Work instruction: Find the line that contains "Boho Floral Oven" in the entries below. Restate it and every line after it, word for word, with no pictures.
------------------------------------------------------------------------
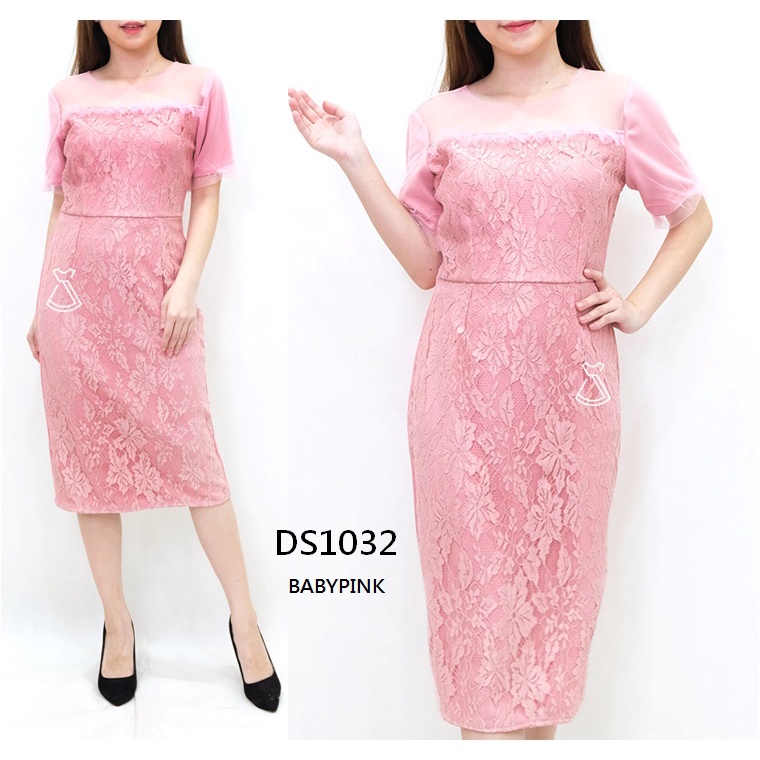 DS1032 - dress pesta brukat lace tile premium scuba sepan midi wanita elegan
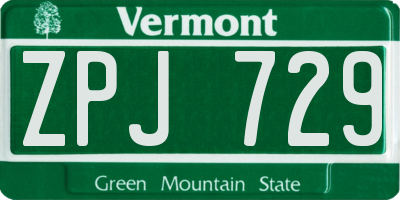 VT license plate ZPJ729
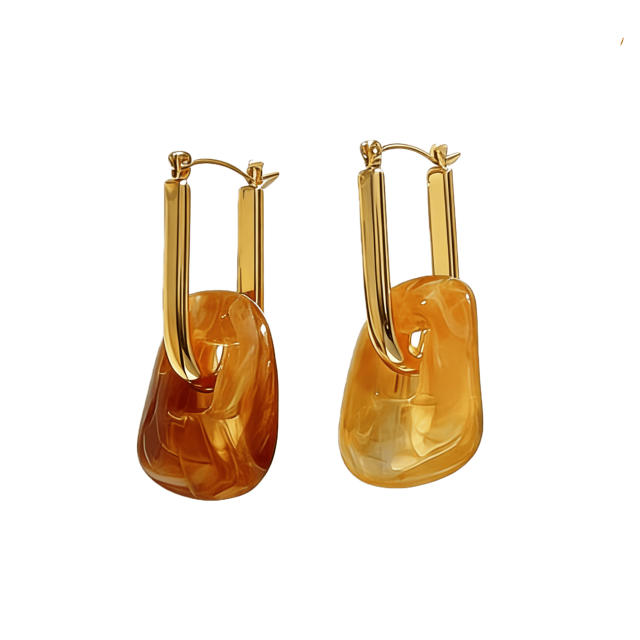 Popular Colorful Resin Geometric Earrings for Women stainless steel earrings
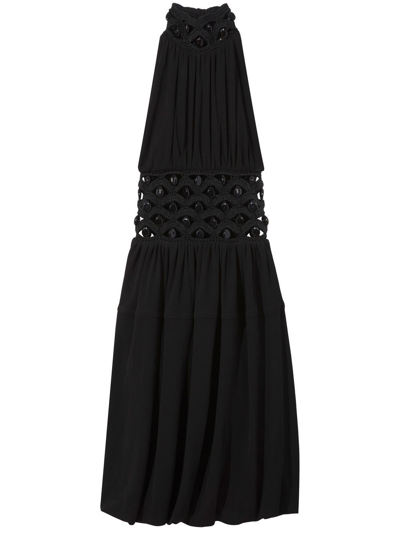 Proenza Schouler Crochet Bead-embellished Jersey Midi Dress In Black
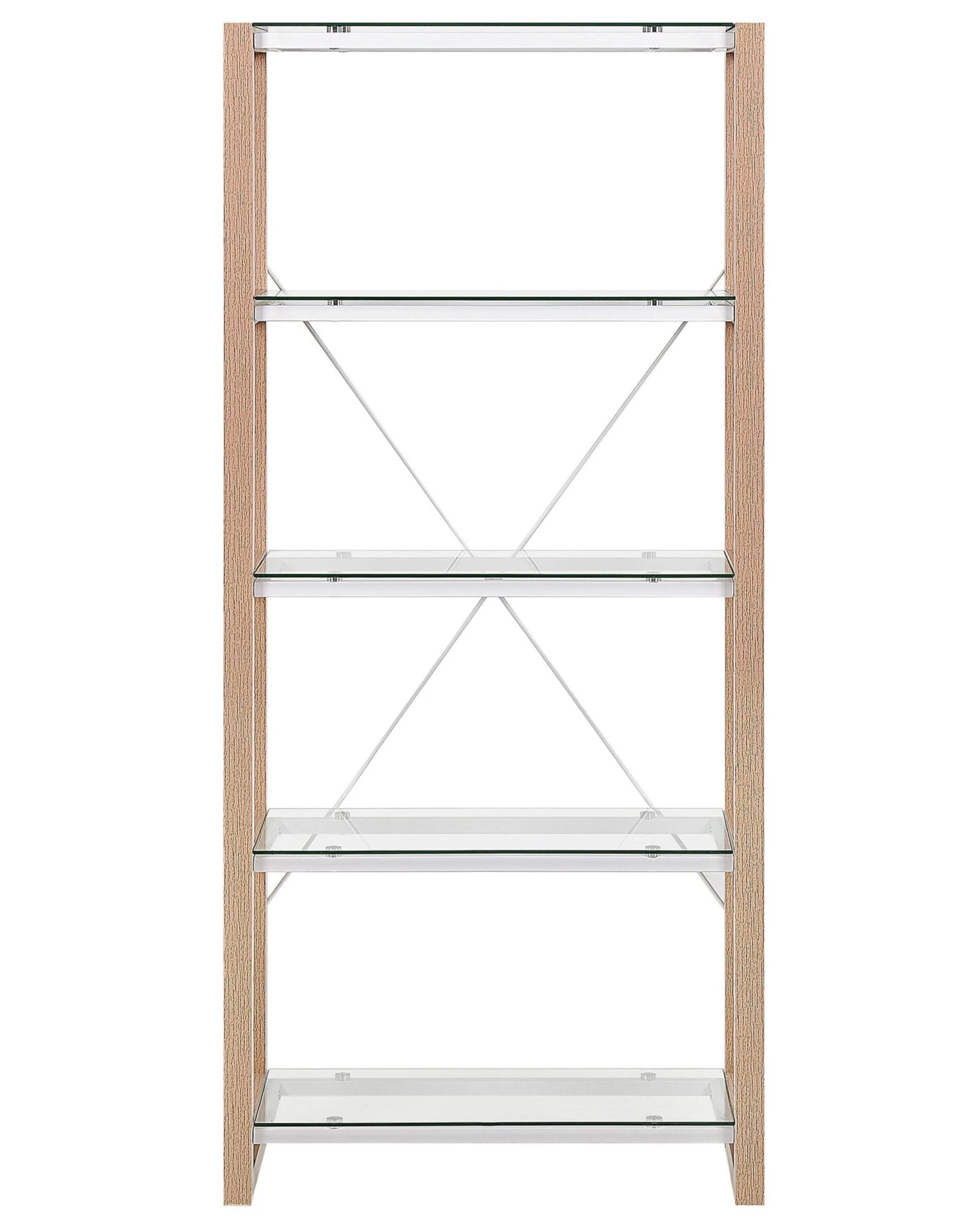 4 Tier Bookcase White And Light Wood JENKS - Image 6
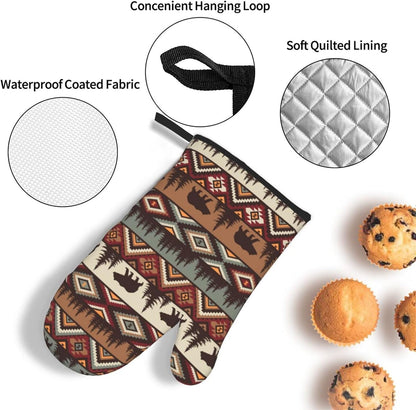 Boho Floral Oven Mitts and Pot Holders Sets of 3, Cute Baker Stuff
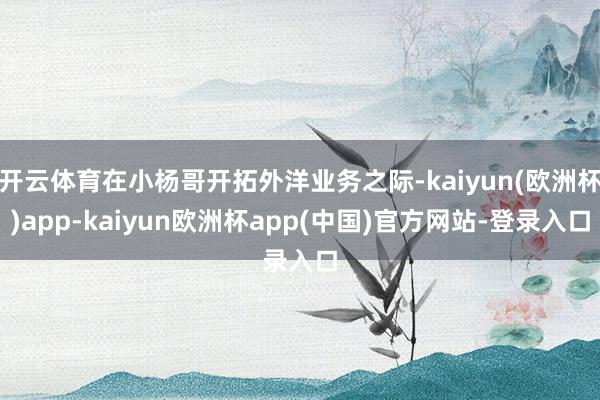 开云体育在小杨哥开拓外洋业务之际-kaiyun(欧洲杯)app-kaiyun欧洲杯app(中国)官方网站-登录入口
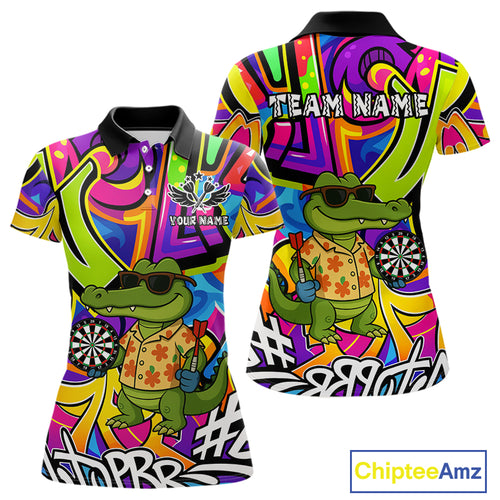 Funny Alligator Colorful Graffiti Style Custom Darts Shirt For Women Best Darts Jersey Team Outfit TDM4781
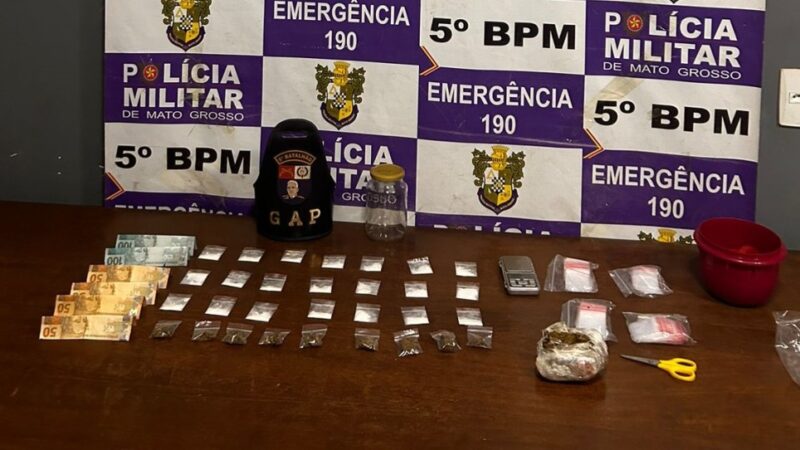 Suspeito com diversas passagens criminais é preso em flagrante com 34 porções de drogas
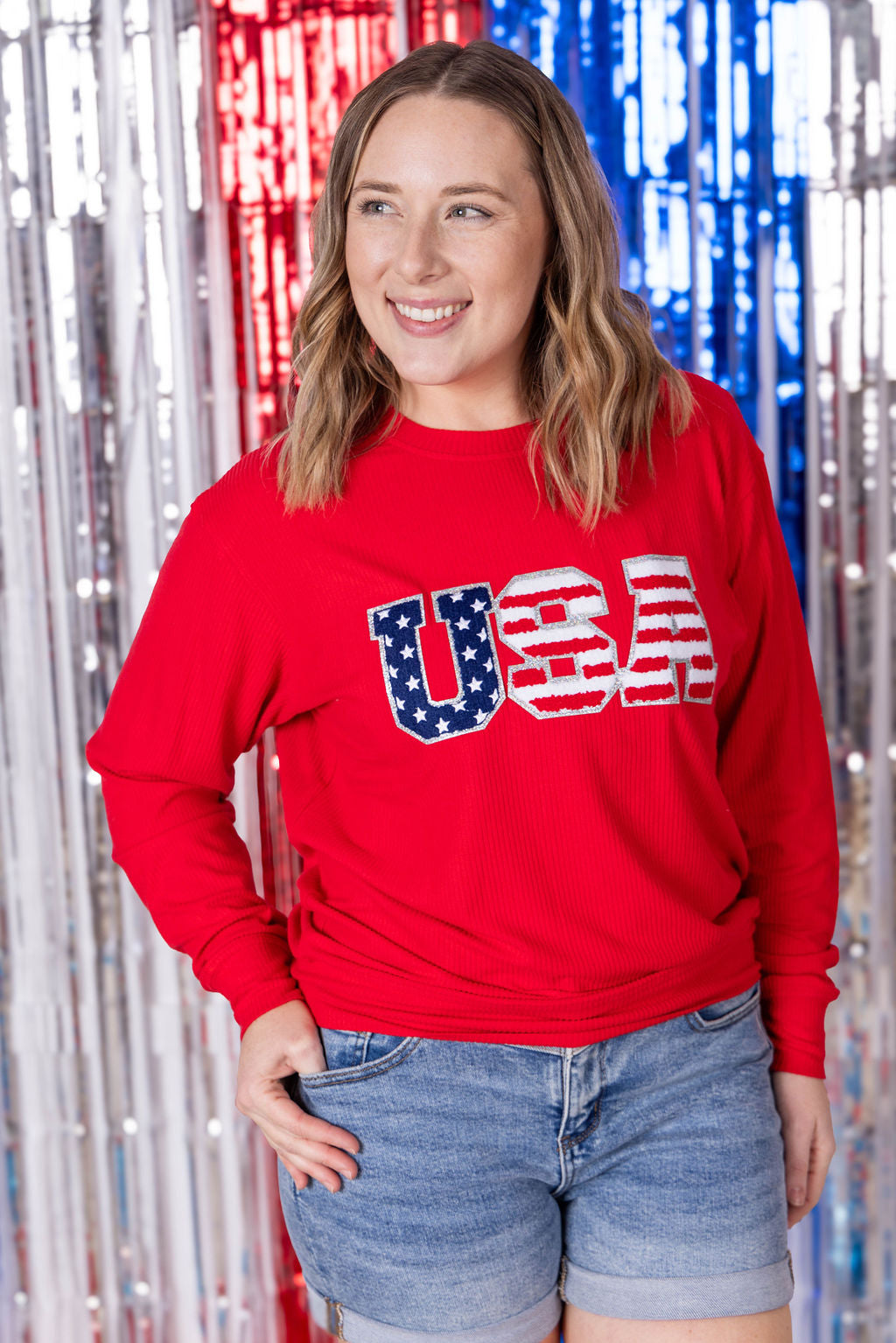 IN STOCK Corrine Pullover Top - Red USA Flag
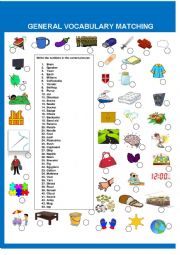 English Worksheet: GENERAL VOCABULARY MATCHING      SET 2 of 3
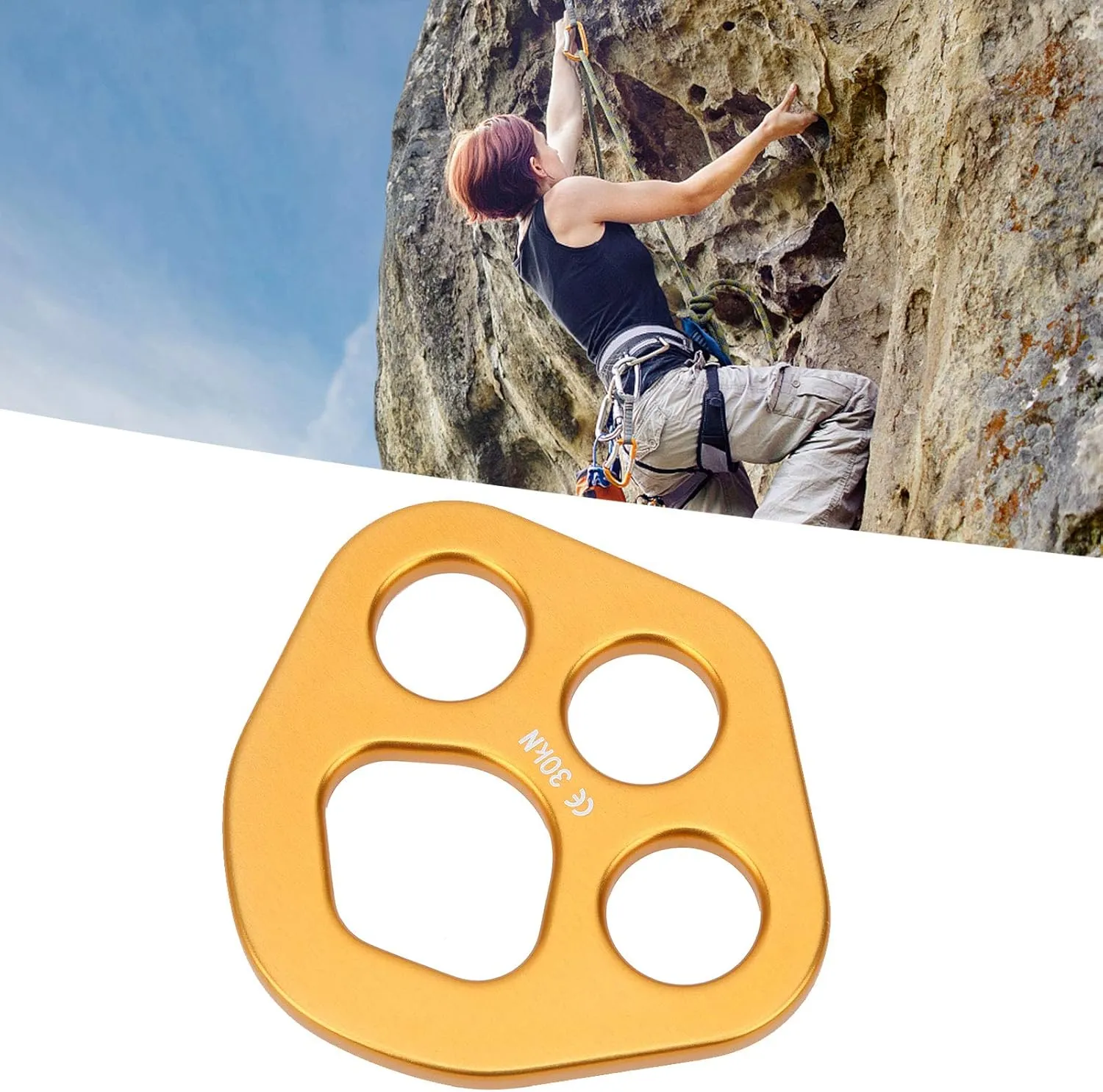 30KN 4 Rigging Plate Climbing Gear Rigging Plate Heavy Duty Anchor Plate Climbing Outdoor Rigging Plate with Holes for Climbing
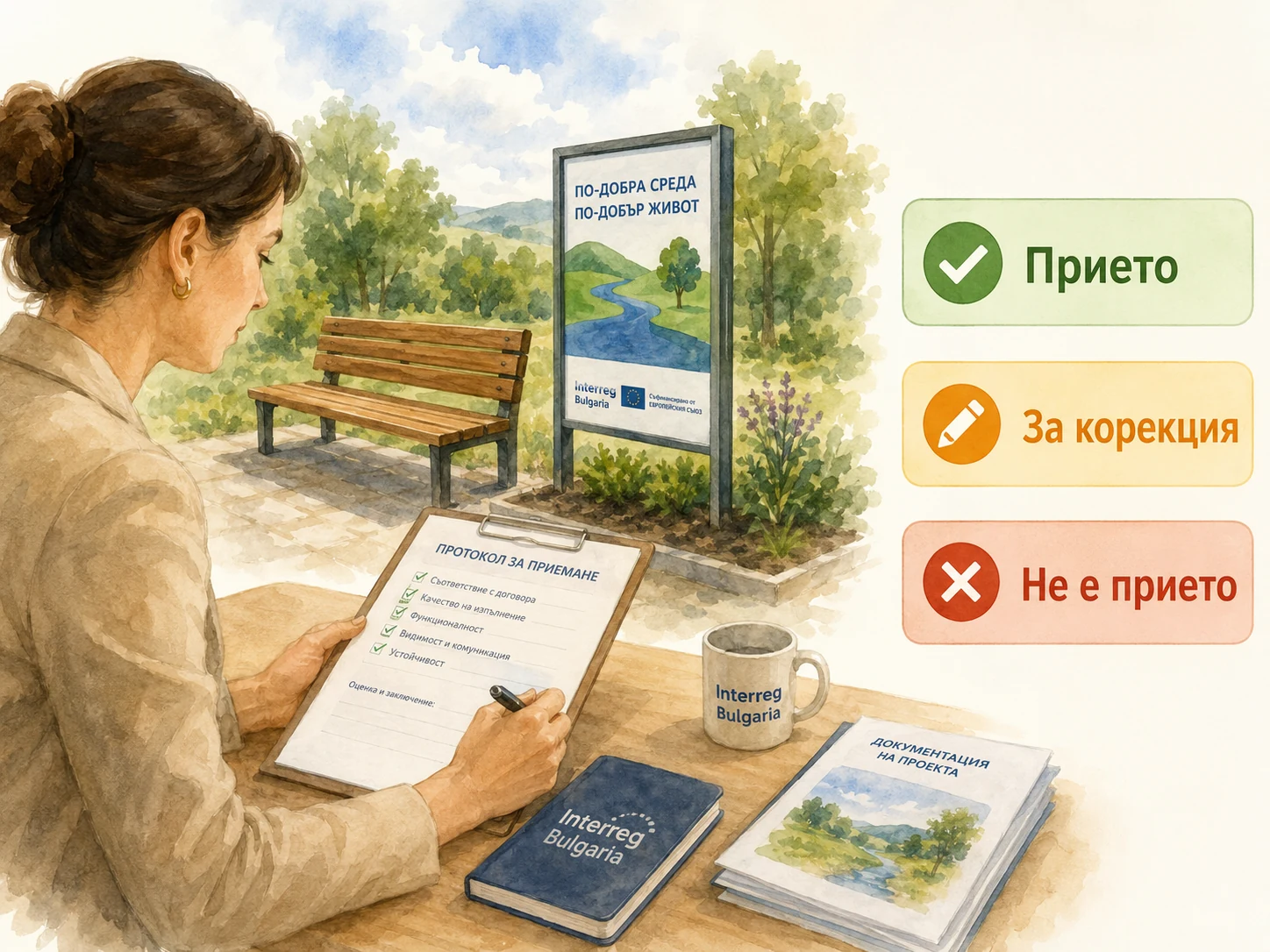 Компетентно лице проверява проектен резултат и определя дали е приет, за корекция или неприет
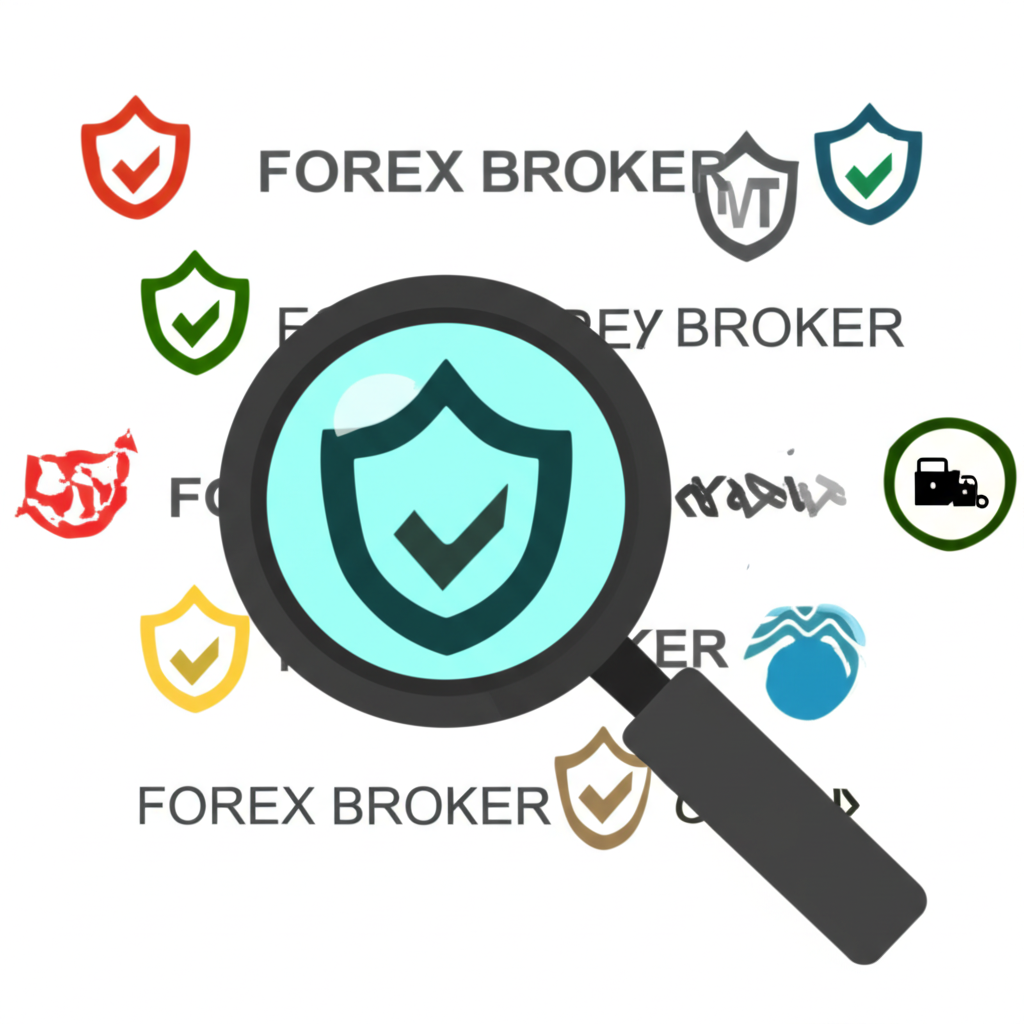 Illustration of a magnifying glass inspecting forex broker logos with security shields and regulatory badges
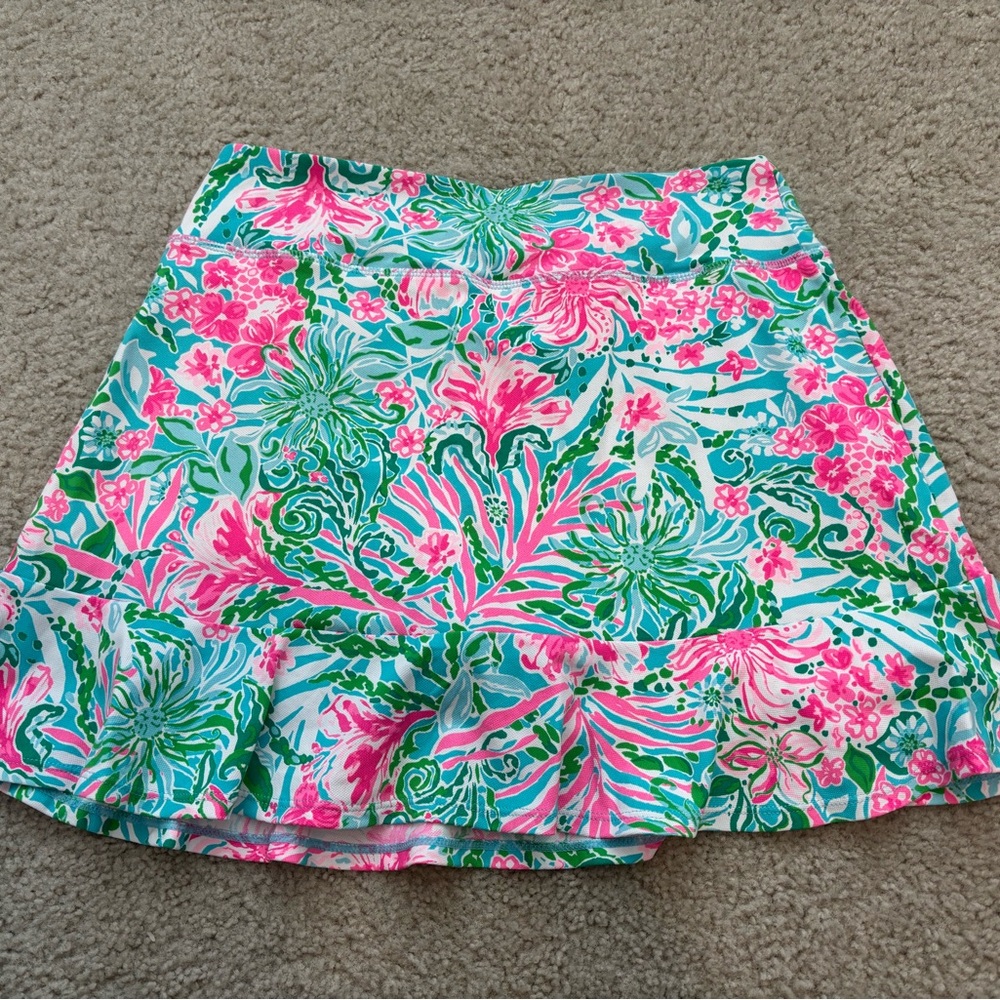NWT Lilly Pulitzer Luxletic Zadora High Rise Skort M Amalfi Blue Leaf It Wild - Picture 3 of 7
------------------------------------------------------------------------
The completed task:
 Boho Floral Oven Mitts and Pot Holders Sets of 3, Cute Baker Stuff
 开云体育在小杨哥开拓外洋业务之际-kaiyun(欧洲杯)app-kaiyun欧洲杯app(中国)官方网站-登录入口
 Funny Alligator Colorful Graffiti Style Custom Darts Shirt For Women Best Darts Jersey Team Outfit TDM4781
 Suspeito com diversas passagens criminais é preso em flagrante com 34 porções de drogas
 IN STOCK Corrine Pullover Top - Red USA Flag
 English Worksheet: GENERAL VOCABULARY MATCHING      SET 2 of 3
 30KN 4 Rigging Plate Climbing Gear Rigging Plate Heavy Duty Anchor Plate Climbing Outdoor Rigging Plate with Holes for Climbing
 Компетентно лице проверява проектен резултат и определя дали е приет, за корекция или неприет
 Illustration of a magnifying glass inspecting forex broker logos with security shields and regulatory badges
NWT Lilly Pulitzer Luxletic Zadora High Rise Skort M Amalfi Blue Leaf It Wild - Picture 3 of 7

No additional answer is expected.